**What is expected**
The pictures in the listing below are to be skipped, while the lines between the line holding "Condo in Miami, Florida, 2" and the line holding "デザイン PVC プラスチック ブレスレット 記念日 環境に優しい反射式腕帯", inclusive, are to be output exactly.

**Given records**
★ ★ ★
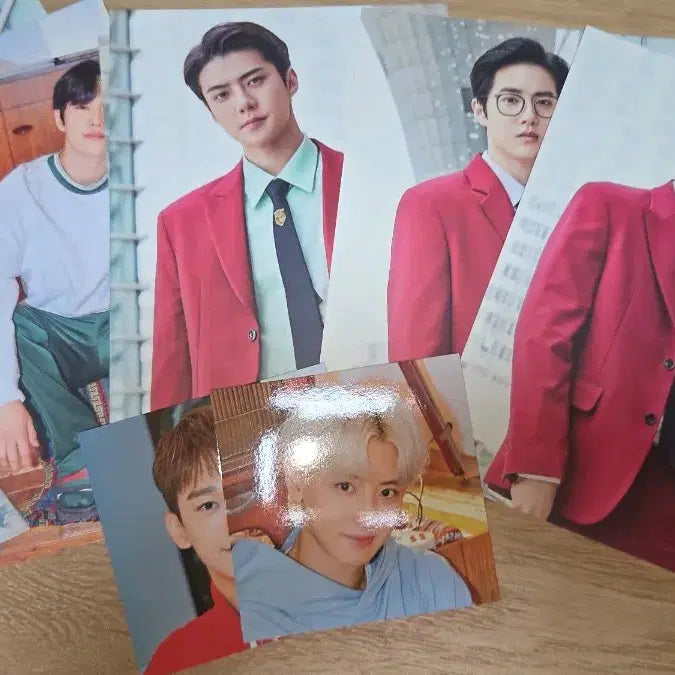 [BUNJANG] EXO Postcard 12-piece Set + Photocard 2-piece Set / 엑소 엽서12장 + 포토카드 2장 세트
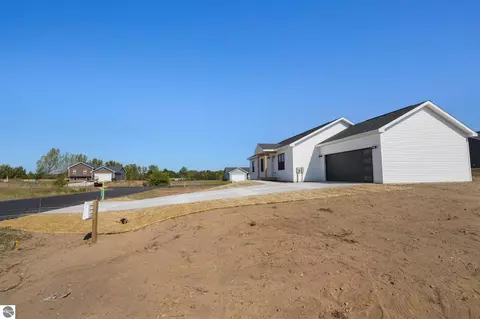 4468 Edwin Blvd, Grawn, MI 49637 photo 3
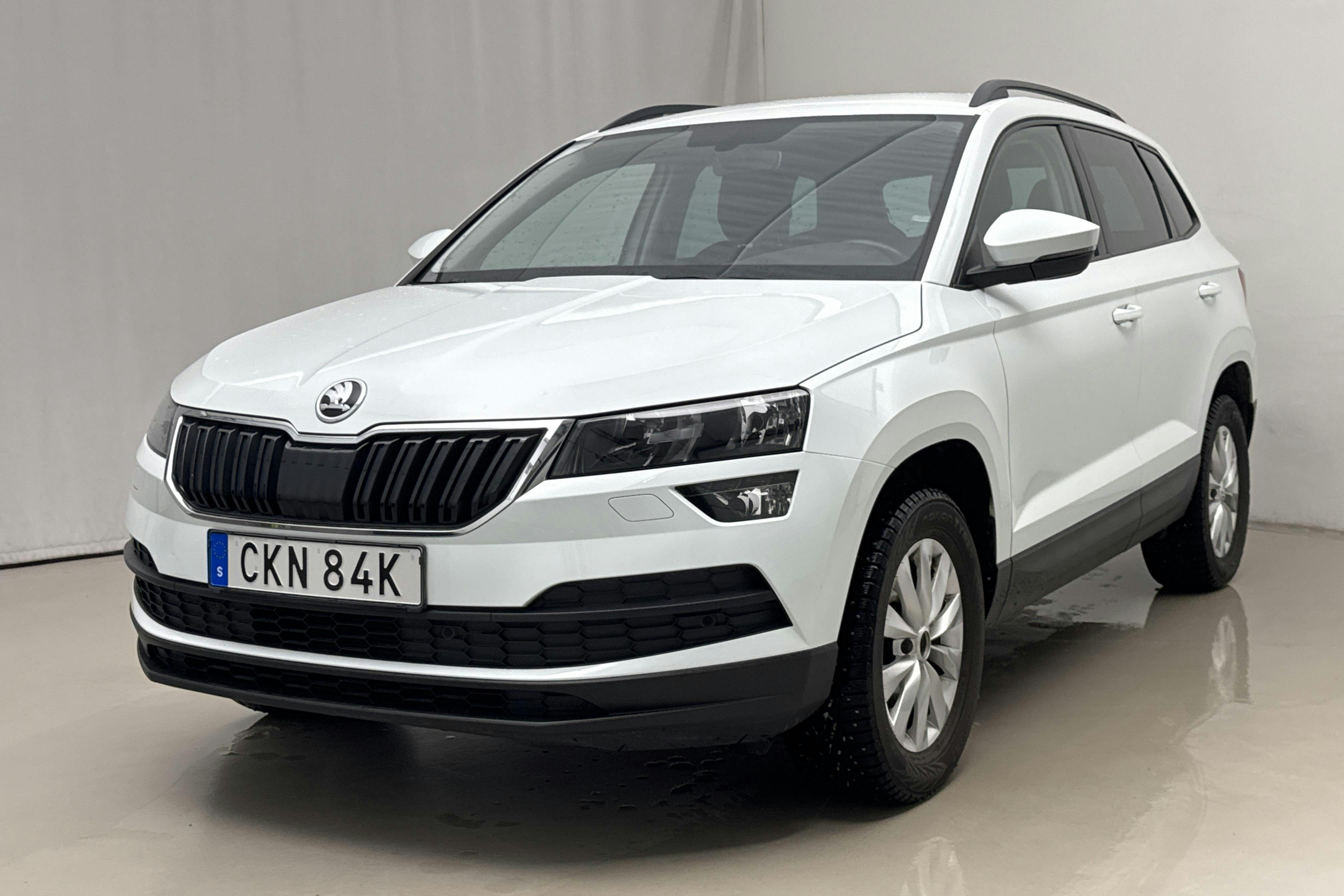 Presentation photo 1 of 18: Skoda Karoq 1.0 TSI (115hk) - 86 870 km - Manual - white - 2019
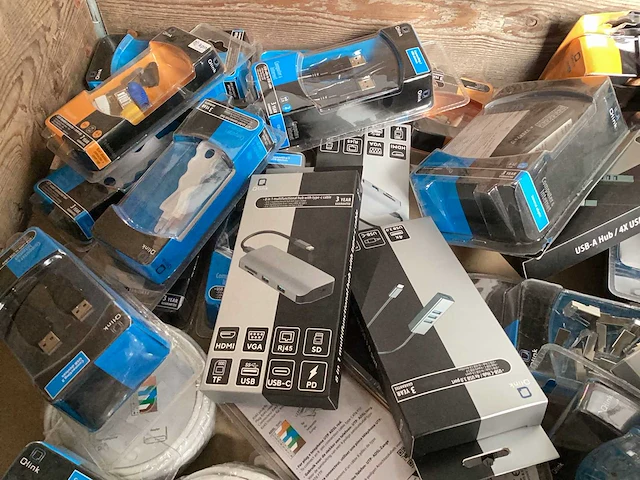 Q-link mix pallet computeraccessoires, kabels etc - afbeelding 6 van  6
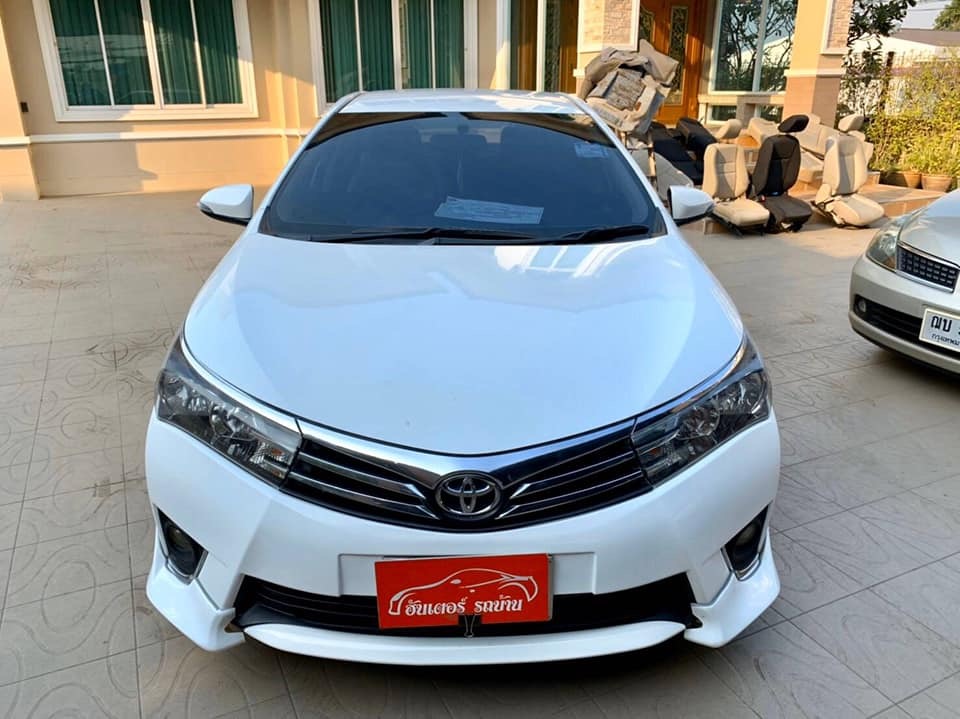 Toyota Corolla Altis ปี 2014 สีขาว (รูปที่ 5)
★ ★ ★
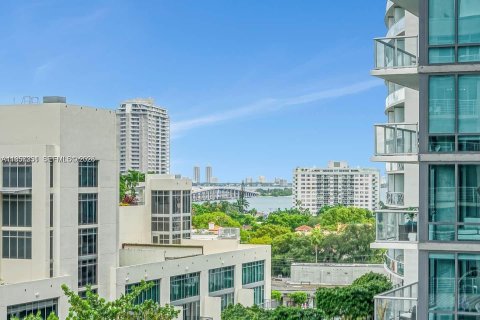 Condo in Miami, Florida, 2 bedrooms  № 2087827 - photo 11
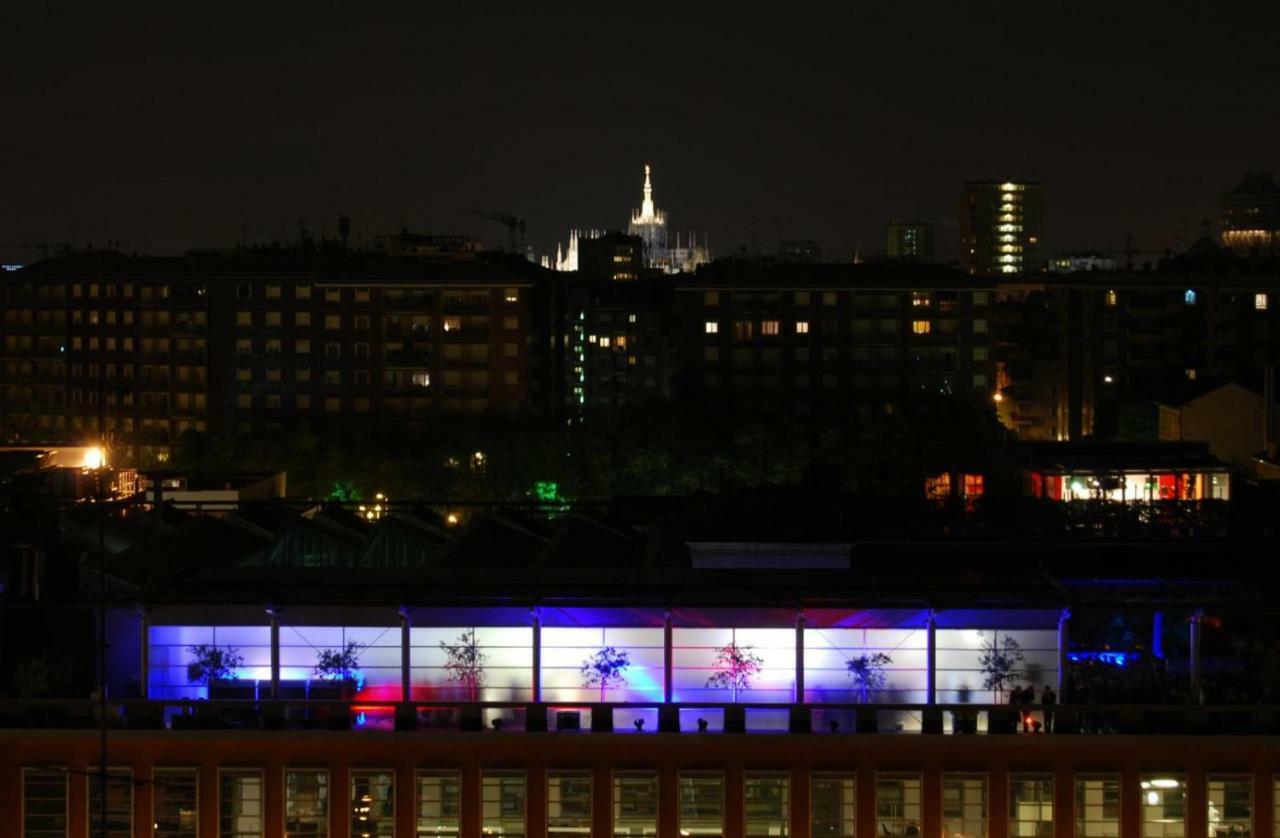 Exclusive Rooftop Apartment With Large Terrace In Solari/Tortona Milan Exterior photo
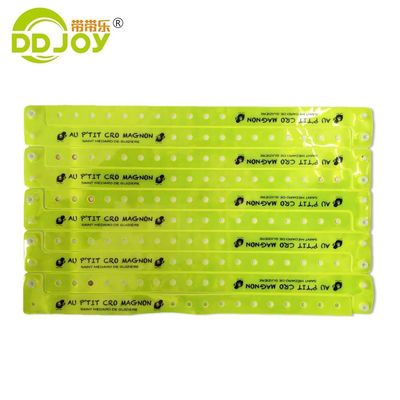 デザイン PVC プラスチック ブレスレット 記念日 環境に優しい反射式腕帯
★ ★ ★
**Reply to the exercise**
 Condo in Miami, Florida, 2 bedrooms  № 2087827 - photo 11
 Exclusive Rooftop Apartment With Large Terrace In Solari/Tortona Milan Exterior photo
 デザイン PVC プラスチック ブレスレット 記念日 環境に優しい反射式腕帯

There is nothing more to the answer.